Botero: Danseuse
Uno dei problemi che tocca da
vicino il mondo giovanile è il culto della bellezza e della perfezione. Siamo
dunque diventati figli dell’immagine, dell’apparire, del sembrare? Tale è ciò
che si percepisce, guardandosi intorno. Alla richiesta incessante del
cellulare, precocemente avanzata, si è aggiunta la richiesta di “rifarsi”, frutto
della propaganda filtrata attraverso ragazze bellissime, perfette in tutti i
connotati anatomici, tale da far sentire inferiore o addirittura diversa chi
non è tale. Non si può fare carriera, ci vuole presenza; non basta
l’intelligenza, ci vuole la velina; che poi abbia tanto di cervello, non
interessa nessuno; ci vuole la prestanza, il fisico adatto, un bel seno e
altro, tutto perfetto altrimenti non entri, non sei guardata, non sei
richiesta; un messaggio subdolo, non
rispondente al vero, da cui pochi si salvano,
ma che passa e che viene assorbito da chi in età giovanile non ha ancora
un’identità definita, che non riesce a sottrarsi a tali messaggi, che
guardandosi allo specchio non sa accettare il proprio corpo, perché mancano
cinque centimetri di altezza, c’è più
del peso necessario, che giudica troppo piccolo il proprio seno.

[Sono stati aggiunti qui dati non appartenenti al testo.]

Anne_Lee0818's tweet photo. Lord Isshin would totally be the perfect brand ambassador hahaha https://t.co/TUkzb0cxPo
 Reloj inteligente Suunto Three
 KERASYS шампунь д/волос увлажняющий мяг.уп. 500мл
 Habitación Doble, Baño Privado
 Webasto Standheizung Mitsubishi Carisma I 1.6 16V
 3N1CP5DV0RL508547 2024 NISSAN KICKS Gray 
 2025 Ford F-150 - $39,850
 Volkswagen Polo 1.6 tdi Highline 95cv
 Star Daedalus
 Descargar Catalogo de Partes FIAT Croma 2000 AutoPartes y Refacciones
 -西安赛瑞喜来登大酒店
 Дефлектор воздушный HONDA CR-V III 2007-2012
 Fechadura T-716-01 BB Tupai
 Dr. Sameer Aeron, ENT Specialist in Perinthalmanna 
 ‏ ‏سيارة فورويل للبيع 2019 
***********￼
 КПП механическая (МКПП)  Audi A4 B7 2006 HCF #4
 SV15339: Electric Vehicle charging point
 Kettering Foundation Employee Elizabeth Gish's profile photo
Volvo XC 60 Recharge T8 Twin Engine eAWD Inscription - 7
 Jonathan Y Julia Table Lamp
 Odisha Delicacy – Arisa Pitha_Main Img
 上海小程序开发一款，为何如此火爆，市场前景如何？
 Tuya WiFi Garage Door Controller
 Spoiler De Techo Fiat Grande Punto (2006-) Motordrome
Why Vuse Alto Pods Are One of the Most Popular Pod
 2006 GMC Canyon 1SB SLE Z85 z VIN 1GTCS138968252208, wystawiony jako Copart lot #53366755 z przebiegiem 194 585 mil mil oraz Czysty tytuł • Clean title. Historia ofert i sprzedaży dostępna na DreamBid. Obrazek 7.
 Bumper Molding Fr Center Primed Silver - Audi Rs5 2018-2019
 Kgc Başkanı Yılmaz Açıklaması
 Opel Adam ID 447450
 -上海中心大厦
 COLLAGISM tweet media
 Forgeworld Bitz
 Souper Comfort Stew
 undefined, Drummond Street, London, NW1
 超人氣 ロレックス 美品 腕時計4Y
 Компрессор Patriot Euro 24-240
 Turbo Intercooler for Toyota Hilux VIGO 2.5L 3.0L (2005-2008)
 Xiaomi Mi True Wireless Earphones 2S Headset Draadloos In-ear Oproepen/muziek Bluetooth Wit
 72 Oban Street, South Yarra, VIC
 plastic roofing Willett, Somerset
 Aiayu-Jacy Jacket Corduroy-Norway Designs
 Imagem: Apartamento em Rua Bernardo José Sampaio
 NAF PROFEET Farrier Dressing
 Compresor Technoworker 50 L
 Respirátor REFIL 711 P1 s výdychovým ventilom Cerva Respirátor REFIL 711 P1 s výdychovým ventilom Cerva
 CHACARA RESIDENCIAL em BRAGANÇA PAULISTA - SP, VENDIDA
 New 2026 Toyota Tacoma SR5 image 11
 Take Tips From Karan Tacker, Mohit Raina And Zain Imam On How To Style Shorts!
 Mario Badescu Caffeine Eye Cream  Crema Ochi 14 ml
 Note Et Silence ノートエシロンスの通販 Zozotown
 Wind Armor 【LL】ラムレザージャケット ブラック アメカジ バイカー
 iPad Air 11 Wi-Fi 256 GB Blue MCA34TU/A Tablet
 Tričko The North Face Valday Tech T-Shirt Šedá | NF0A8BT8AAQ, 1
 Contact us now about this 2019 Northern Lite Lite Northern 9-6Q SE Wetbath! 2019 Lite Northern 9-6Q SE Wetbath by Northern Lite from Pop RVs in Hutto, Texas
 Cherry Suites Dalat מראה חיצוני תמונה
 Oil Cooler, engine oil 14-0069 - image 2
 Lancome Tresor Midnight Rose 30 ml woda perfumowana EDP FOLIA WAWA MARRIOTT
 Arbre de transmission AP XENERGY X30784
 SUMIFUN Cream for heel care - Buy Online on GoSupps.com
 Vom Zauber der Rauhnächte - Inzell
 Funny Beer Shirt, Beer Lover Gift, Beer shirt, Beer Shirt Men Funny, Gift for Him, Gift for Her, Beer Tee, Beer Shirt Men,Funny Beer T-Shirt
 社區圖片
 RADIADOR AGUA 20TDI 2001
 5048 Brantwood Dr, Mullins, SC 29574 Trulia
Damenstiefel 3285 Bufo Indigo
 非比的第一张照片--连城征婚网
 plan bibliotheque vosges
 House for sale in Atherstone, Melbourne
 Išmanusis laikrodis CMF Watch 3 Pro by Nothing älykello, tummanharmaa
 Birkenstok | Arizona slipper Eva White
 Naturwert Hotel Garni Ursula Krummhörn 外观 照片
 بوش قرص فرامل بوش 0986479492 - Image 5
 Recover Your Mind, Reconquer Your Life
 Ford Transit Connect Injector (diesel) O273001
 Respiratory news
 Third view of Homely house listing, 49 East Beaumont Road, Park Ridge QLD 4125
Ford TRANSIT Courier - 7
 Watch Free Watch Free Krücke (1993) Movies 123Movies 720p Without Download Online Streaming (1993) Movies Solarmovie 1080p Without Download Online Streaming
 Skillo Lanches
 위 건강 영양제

Importanti sono i sedici anni; si
è già da tempo donne, si incomincia a definire la propria personalità, ma
invece di rivolgere lo sguardo verso se stessi, a prendere contatto col proprio
corpo e a diventarne complici, a scoprire in esso le pulsioni dell’amore, di
quel sentimento che nulla ha a che fare con la bellezza artificialmente
costruita, a capire che la bellezza è altro, che si può catturare uno sguardo
col cuore, che esistono sentimenti veri che nulla hanno da spartire col
bisturi, a sedici anni oggi si chiede in regalo di “rifarsi”. E qui crolla il
mondo degli adulti, spesso consenzienti
perché certi di regalare la felicità. È
questo oggi l’aspetto più deteriore di
una società che ha fatto dell’immagine un culto, senza considerare il danno
irreparabile che tale idolatria provoca
sui giovani: rapporto col cibo e di qui l’anoressia, il rifiuto di se
stessi, il confronto, l’invidia, l’isolamento, la selezione; giornali, strumenti mediatici, trasmissioni
televisive, pubblicità, tutto parla di immagini che inneggiano al culto del
corpo, in modo spudorato, senza la minima considerazione di ciò che esse
provocano e dei danni irreparabili che ne conseguono. Argomenti questi
importantissimi, che riguardano il mondo
giovanile, al maschile e al femminile, e che devono essere affrontati insieme
in ogni sfera sociale, dalla famiglia alla scuola, per demolire i falsi miti
che imperversano, per insegnare a maschi e femmine, fin da piccoli, inseriti
nella stessa classe, il rispetto delle identità, dell’unicità e
della reciprocità; dimostrando col dialogo
che quelle immagini sono soltanto una mistificazione della realtà, che l’omologazione annulla l’identità, che la
società è bella perché è varia nei suoi modelli, che un’imperfezione può essere
il miglior indice di gradevolezza, che il concetto di perfezione esasperato,
può portare ad altre forme di degenerazione, come la storia stessa ci insegna.